ANALYSE. Das FPÖ-Problem ist nicht nur Kickl. Das ist die Botschaft von Oskar Deutsch – und es durchkreuzt die Strategie der ÖVP, nur mit diesem eine Regierungszusammenarbeit auszuschließen.
Ein Kellernazi ist eine Person, die die Ideen des Nationalsozialismus durch nicht unmittelbar erkennbare Aktivitäten unterstützt. (Quelle: Wikipedia)
Oskar Deutsch, Präsident der Israelitischen Kultusgemeinde (IKG), bleibt auf Distanz zur FPÖ. Daran ändert auch die Verurteilung des Massakers der Hamas vom 7. Oktober nichts, die Herbert Kickl gemeinsam mit den Vorsitzenden der übrigen Parlamentsparteien vorgenommen hat. In der ORF-Pressestunde erinnerte er an den Freundschaftsvertrag der Partei mit Wladimir Putins Bewegung „Einiges Russland“ und sagte vor allem auch: „Dort sind an der Spitze der Partei, aber auch der zweiten und dritten Linie Kellernazis.“
ORF-Redakteur Andreas Mayer-Bohusch mag dies wenig später zurückgewiesen haben. Wobei man sich fragen muss: Warum? Darf das, was Deutsch sagt, nicht sein? Muss man sich – quasi vorauseilend – die FPÖ zurechtreden, weil sie bald führend in der Regierung vertreten sein könnte?
Der Kellernazis-Vorwurf ist schwerwiegend. Er kommt aber nicht irgendwoher: Als die niederösterreichische Landeshauptfrau Johanna Mikl-Leitner (ÖVP) 2018 noch nicht mit Freiheitlichen koalieren wollte, unterstellte sie Udo Landbauer (FPÖ) im Zusammenhang mit der Liederbuchaffäre einen „sorglosen Umgang mit Antisemitismus“. Als er sie heuer ein weiteres Mal als Landeshauptfrau mit einem freiheitlichen Koalitionspartner bzw. einem Vize Udo Landbauer angelobte, erklärte Bundespräsident Alexander Van der Bellen wörtlich: „Der Nationalsozialismus, mit seiner mörderischen Ideologie, darf sich niemals wiederholen. Nie wieder! Unser gemeinsames „Nie wieder!“ verpflichtet uns alle zu einem genauen und scharfen Blick, damit wir nie wieder in eine Situation wie in den 20er und 30er Jahren des letzten Jahrhunderts kommen. Schuldige suchen. Menschen herabwürdigen. Andersdenkende verhöhnen und verspotten. Die Grenzen dehnen. Das Unsagbare doch sagbar machen. Immer ein Stückchen mehr. An die niedrigsten Instinkte appellieren. Immer noch ein wenig mehr, sodass es vermeintlich nicht auffällt, was passiert. Aber es fällt auf!“
Mikl-Leitner hatte 2018, Van der Bellen 2023 Gründe, sich so zu äußern. Oskar Deutsch hat nun etwas aufgerissen, worüber gezielte innenpolitische Erzählungen fast schon hinweggetäuscht hätten. Erstens: Es gibt nicht nur ein Herbert Kickl-Problem in Bezug auf die FPÖ, wie die ÖVP gerne tut, wenn sie lediglich eine Regierungszusammenarbeit mit diesem ausschließt.
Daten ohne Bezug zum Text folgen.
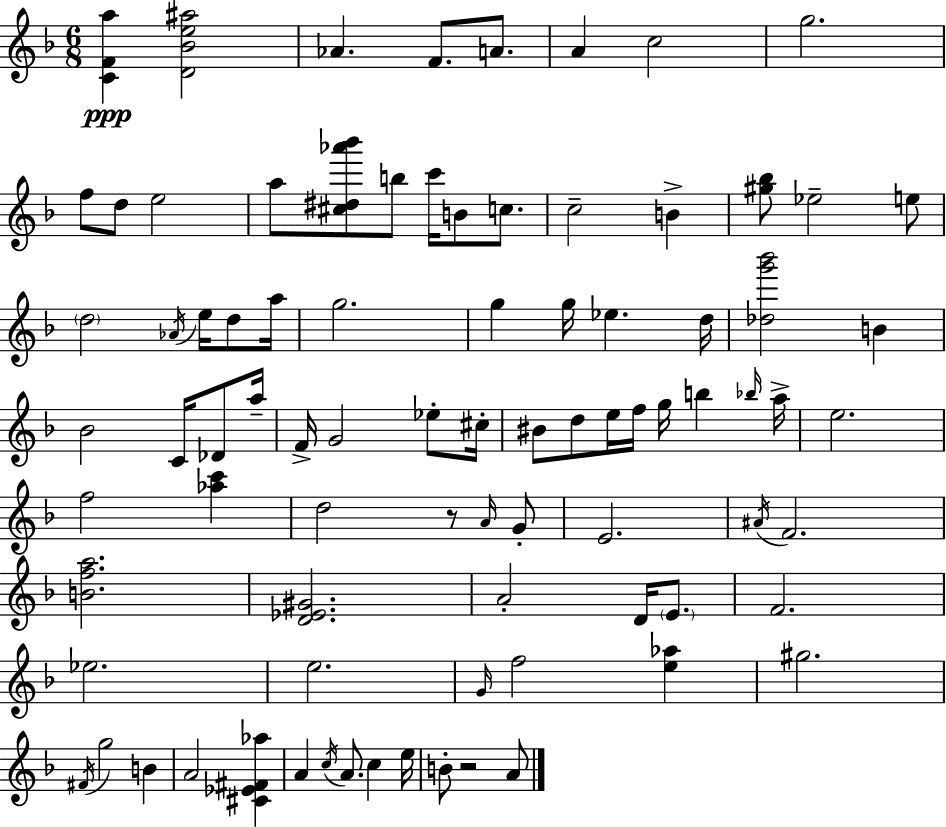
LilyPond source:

Zweitens: Die ÖVP zeigt gerade in diesen Tagen, dass sie wirklich zu 100 Prozent auf der Seite Israels steht, wo sie das tun kann. Zum Beispiel in der Außenpolitik, die sie über Alexander Schallenberg bestimmt und in deren Rahmen sie gerade eine UN-Resolution für eine Waffenruhe abgelehnt hat. Oder auch in der Innenpolitik, in der Kanzler Karl Nehammer aufgrund israelfeindlicher Akte Strafen für Fahnen-Schänder angekündigt hat. Da wird es schwieriger für sie, die Äußerungen von Deutsch über die FPÖ vom Tisch zu wischen, kann sie es sich kaum leisten, mit einer Partei zusammenzuarbeiten, in der nach dessen Einschätzung mehrere Kellernazis führend tätig sind; zumal das jetzt international noch stärker wahrgenommen werden würde und ihren Israel-Kurs durchkreuzen würde. Das Urteil des IKG-Präsidenten hat im Hinblick darauf entscheidendes Gewicht.
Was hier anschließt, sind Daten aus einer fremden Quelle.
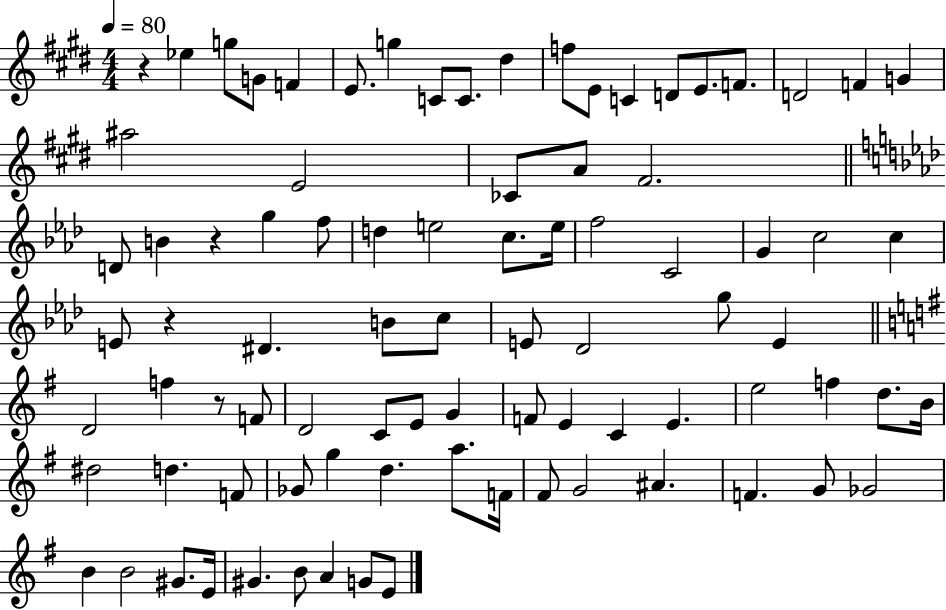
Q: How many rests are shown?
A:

Drittens: Gegen islamischen Antisemitismus haben sich Freiheitliche in den vergangenen Wochen gestellt. Motive: Ebensolcher ist für sie ein Beweis, dass man Migration aus muslimischen Ländern stoppen muss. Und: Sie haben den Eindruck erwecken können, Antisemitismus abzulehnen. Bis Deutsch kam und diese andere Geschichte präsentierte.